There's more, so take a break now if you need to.
:p.
OK, ready? There are other server services which will
use Sessions, and the number you want to allocate to them is up to you.
Really. It generally determines how many stations the service can
support at once. If you are using DLRINST, how many DOS requesters
do you want to install DLR on at a time? Usually, not many. The service
is single threaded (see Getting Started, page 3-14.) It will use some
NETBIOS resources (3 Sessions, 3 Commands, and 2 Names to be exact),
but they don't count on the NET1 statement - only in the NETBIOS
configuration file (a part of the Communications Manager's
configuration.) If you are using RIPL, there is a (short) time during
the RIPL process when it requires two Sessions. So, let's pick a
number of stations we will support during this short time, 10. OK?

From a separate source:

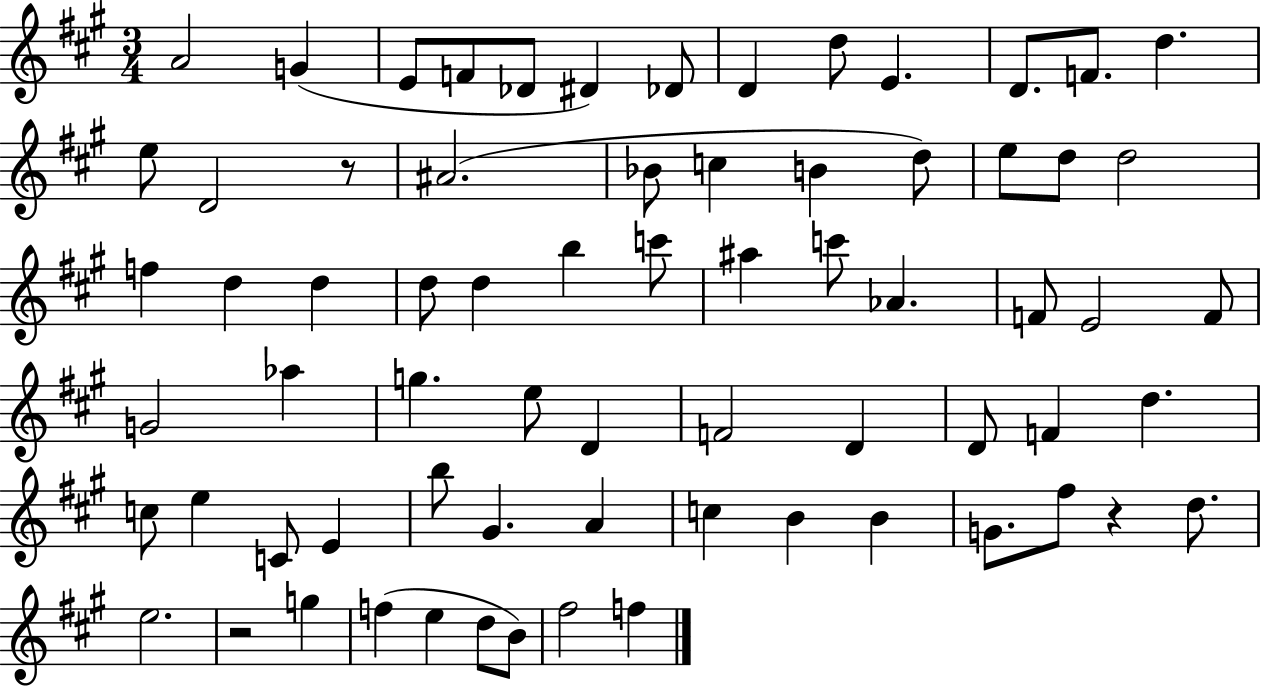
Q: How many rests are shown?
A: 3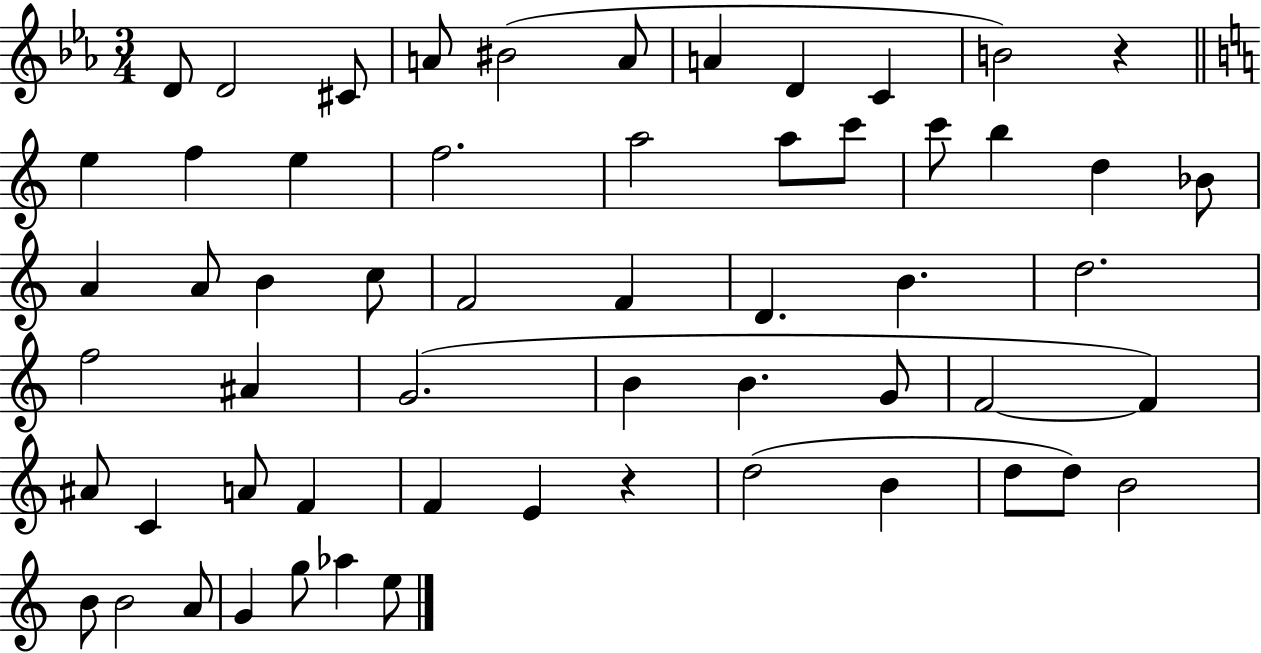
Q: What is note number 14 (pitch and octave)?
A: F5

Add that to the previously calculated Sessions requirement.
56 + 1 + 10 = 67. This number (67 in our example) is the
INI file's NET1 statement's x1 parameter. Whew! Don't go over 254,
though. That's the limit.
:p.
OK, on to the NETBIOS Communications Manager (CM) configuration.
'Maximum sessions' is where the sessions that are available for ALL
NETBIOS applications (like the server) are defined.

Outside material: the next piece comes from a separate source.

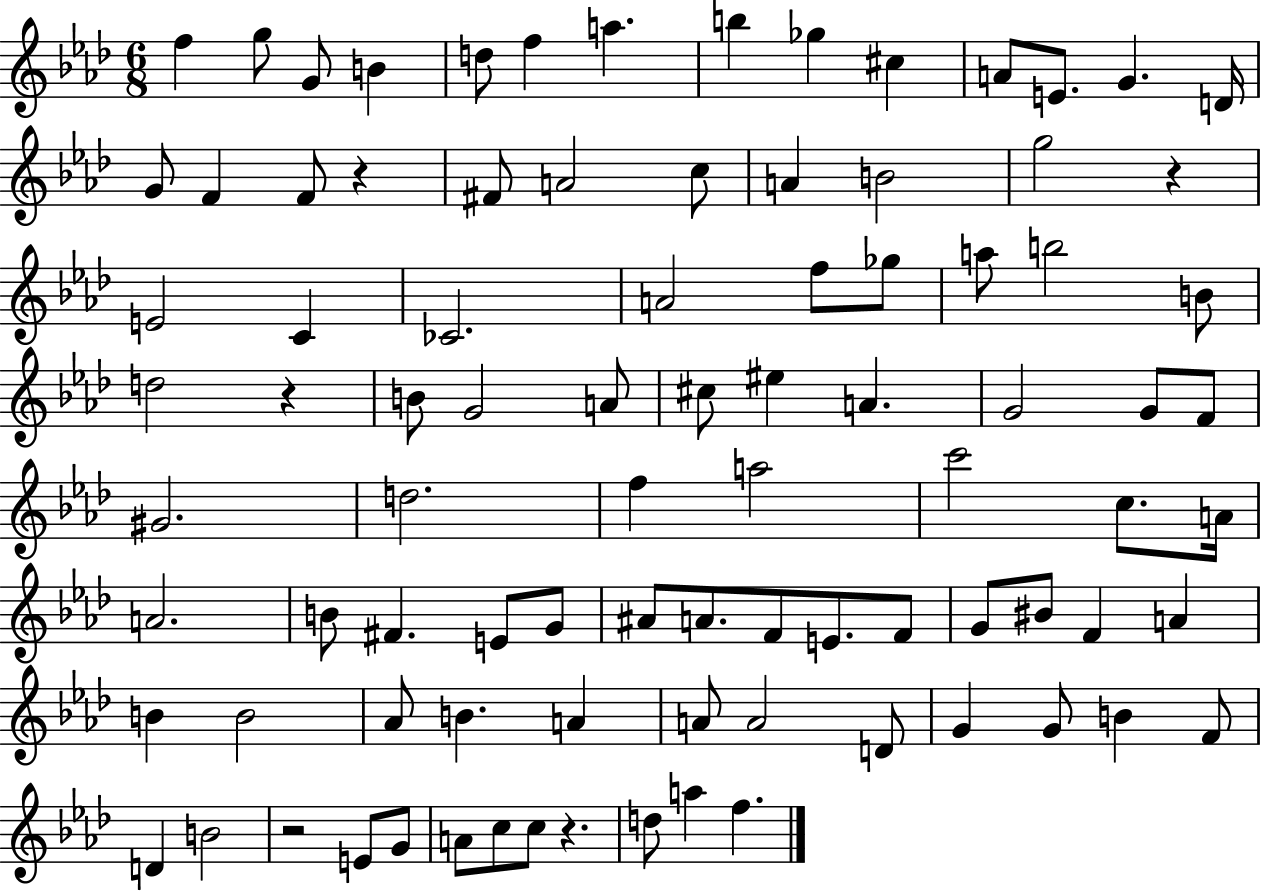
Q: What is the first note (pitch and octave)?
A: F5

You can use the same number of sessions here as
you did for x1, but our growing company may have other Domains for the
Administrator to administer later on, so let's allow a couple of extra
Sessions here now so we won't have to remember to come back later.
Also, we need to remember to add in the extra NETBIOS Sessions (3)
required by DLRINST.
Make it 72. Notice, there are no hard and fast rules except that you
must have enough Sessions - extras are allowed! They aren't free, though
since they take 52 bytes of NETBIOS work area, so don't go hog wild.

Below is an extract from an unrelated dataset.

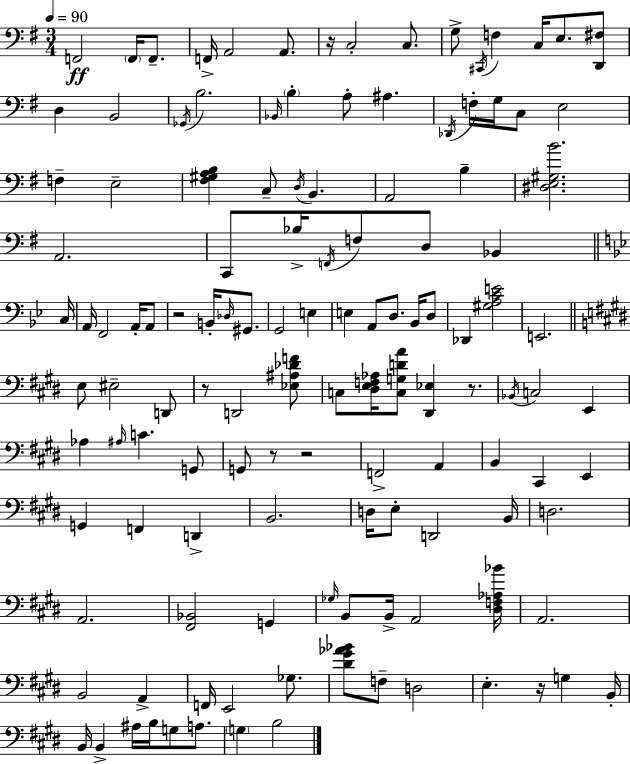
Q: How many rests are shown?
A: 7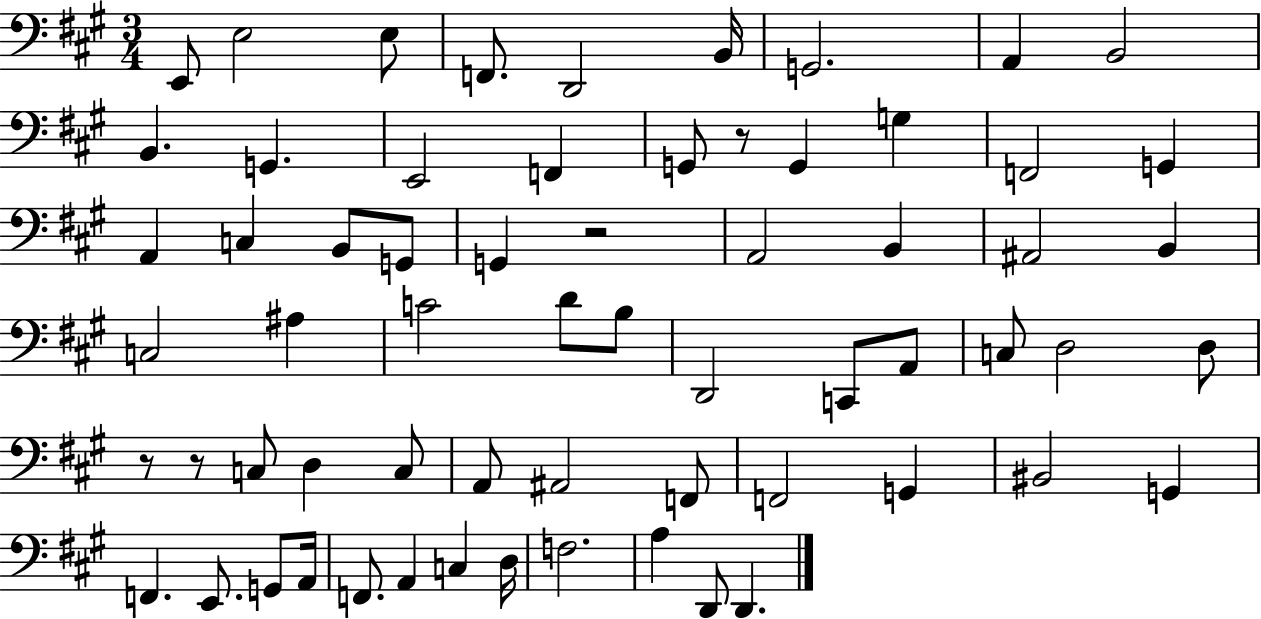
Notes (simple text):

We'll have more to say about the NETBIOS work area later. Lots more.
:p.
So, now you have some users and the users have Sessions and
Communications Manager knows about the Sessions in it's NETBIOS profile.
Are your users ready to log on? Not quite. A Session lets two link
stations talk, right? Well, we haven't defined the link stations yet,
have we? Easily done, though. They have to be defined in two places in
the Communications Manager - NETBIOS and 802.2. The NETBIOS Link
Stations requirement is the same as the INI maxusers value. This is 52
in our example. They, too, are cheap -- 50 bytes of NETBIOS work area
each. The 802.2 configuration can use the same number, but you
might want to add some for SNA or RDS, or ... To be safe, let's add 4.
Set it to 56 in the 802.2 configuration.
:p.
Continuing on our line of thought, what will our users need next, now
that they can communicate with the server? Right! Resources. Files,
printers, stuff like that. Well, that will require some other changes
to the INI file to make sure they have access to those resources.
:p.
First, if the users are to access a server resource, it must be shared.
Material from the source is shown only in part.